Complex rational expressions can seem a bit intimidating at first, due to their intricate structure. They involve rational expressions where the numerator or the denominator (or both) contain rational expressions themselves. In simple terms, they are fractions within fractions.
When dealing with a complex rational expression like the one presented in the problem, In our exercise, the expression \( \frac{2d}{\frac{d}{r_{1}}+\frac{d}{r_{2}}} \) consists of a complex fraction where the denominator itself is made up of two fractions, \( \frac{d}{r_{1}} \) and \( \frac{d}{r_{2}} \).

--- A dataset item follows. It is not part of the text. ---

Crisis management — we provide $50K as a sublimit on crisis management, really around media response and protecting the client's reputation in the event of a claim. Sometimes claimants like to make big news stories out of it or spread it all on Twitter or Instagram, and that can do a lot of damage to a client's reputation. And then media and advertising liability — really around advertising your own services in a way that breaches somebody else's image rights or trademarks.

Breaking down this complexity step-by-step can make the problem more approachable and easier to understand. Just think of it as solving a puzzle, where you bring all the pieces together.

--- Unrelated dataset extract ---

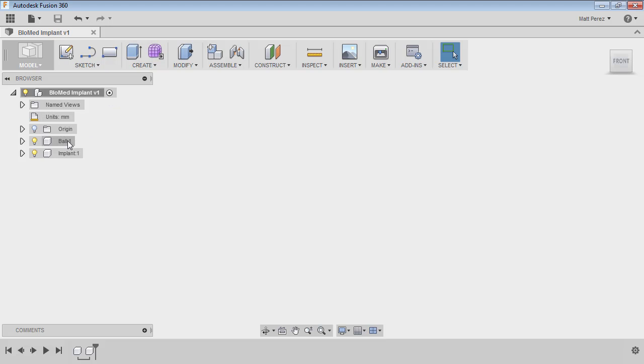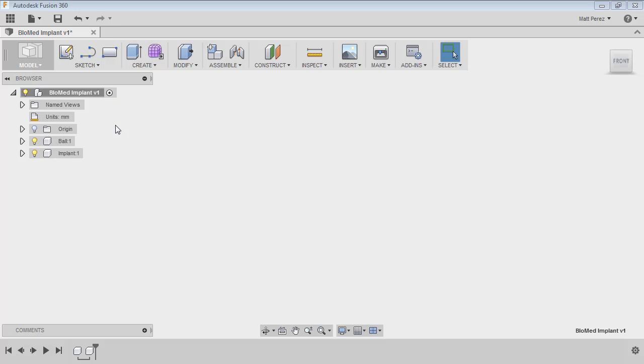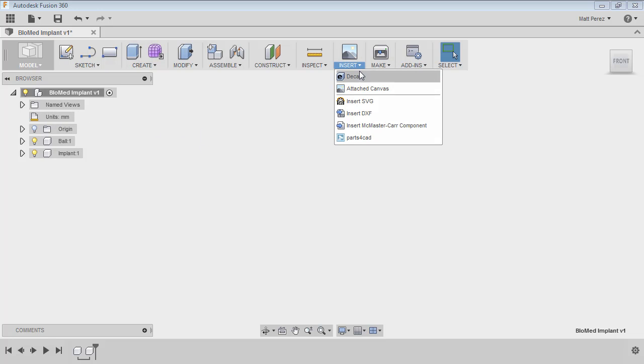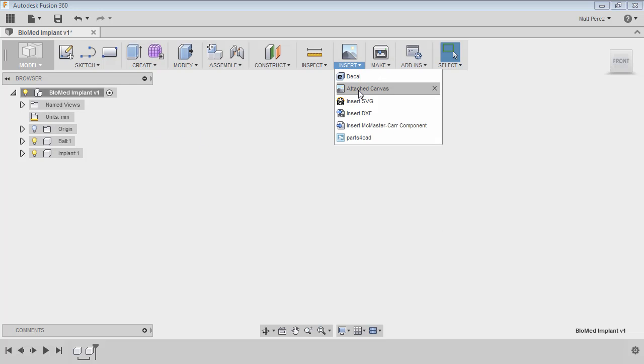You'll notice that the radio button to the right of it—we want to make sure that that's active and that one of these specific components is not active. The reason I want to do that is I want my canvas images to be located at the top level. I don't want them to be inside of the ball or inside of the implant. I want them to be located at the top level of my file. And also notice that our units are millimeters. Again, very important.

Algebraic simplification of expressions involves reducing them to their simplest form. Simplifying a complex rational expression requires careful manipulation of numerators and denominators.
To achieve this, follow these steps:

• Eliminate fractions within the numerator and the denominator by finding a common factor.
• In our specific problem, simplify \( \frac{2}{\frac{1}{r_{1}}+\frac{1}{r_{2}}} \) by multiplying the entire expression by \( r_{1}r_{2} \), effectively getting rid of the smaller fractions.
• This results in a much cleaner expression: \( \frac{2r_{1}r_{2}}{r_{1}+r_{2}} \).

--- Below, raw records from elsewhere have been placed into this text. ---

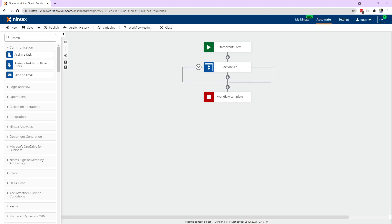Hi everyone, this is a quick video to show the new user context object property in Nintex Forms for Nintex Workflow Cloud. This is a new feature whereby you can access things like the person's first name, last name, or email address if they've logged in.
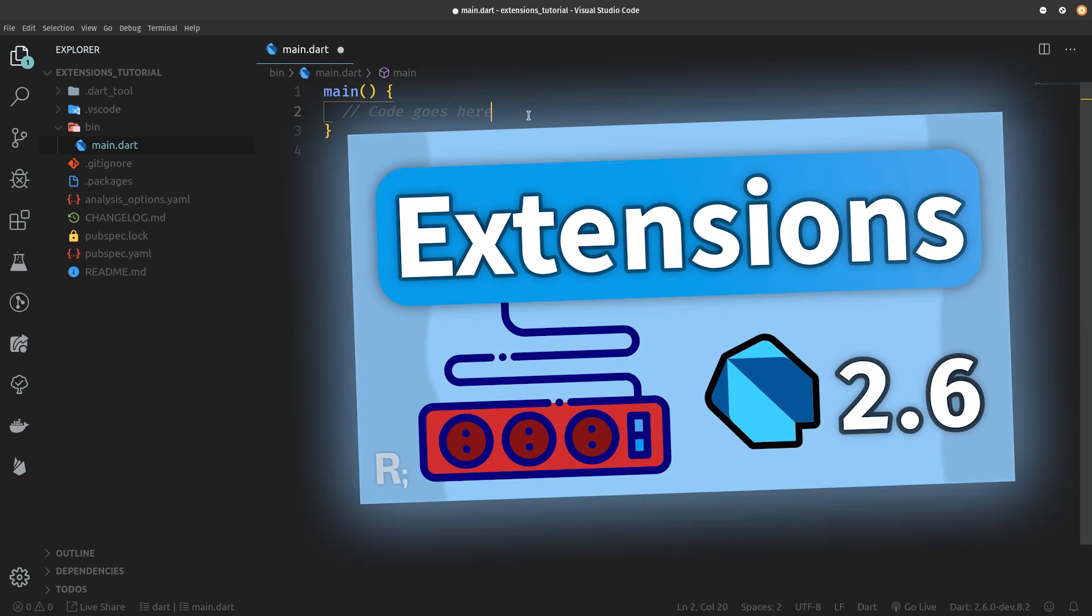Dart 2.6 is just around the corner and in fact it may as well be out already as you are watching this video.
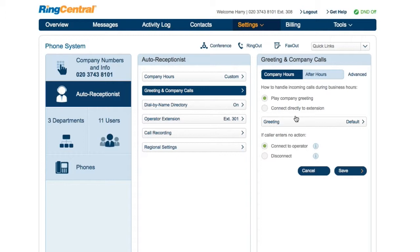You can play a greeting, which is a great way to position your company and describe your phone tree — like press 1 for sales, press 2 for shipping — by simply recording a custom greeting. Callers can enter an extension anytime during the message to be connected.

This makes substituting given values considerably easier and efficient. By simplifying complex problems, you can make calculations less cumbersome and more intuitive.

Mathematical problem solving is a skill that extends beyond simply following steps or procedures. It requires understanding the problem, connecting it to known concepts, and applying the correct operations to arrive at a solution.
In this exercise, you're tasked with finding an average rate from provided rates. This involves substituting known values into the simplified expression and solving.

• Substitute the given rates, \( r_{1} = 40 \) mph and \( r_{2} = 30 \) mph, into the expression \( \frac{2r_{1}r_{2}}{r_{1}+r_{2}} \).
• Then, perform the arithmetic: \( \frac{2400}{70} \) leads to a final average rate of \( 34.28 \) mph.

A successful problem-solving approach doesn't just stop at finding the answer. Understanding why this method works and being able to adjust it for different scenarios is what solidifies your mastery over the topic. Practice, patience, and persistence are key in solving mathematical problems efficiently.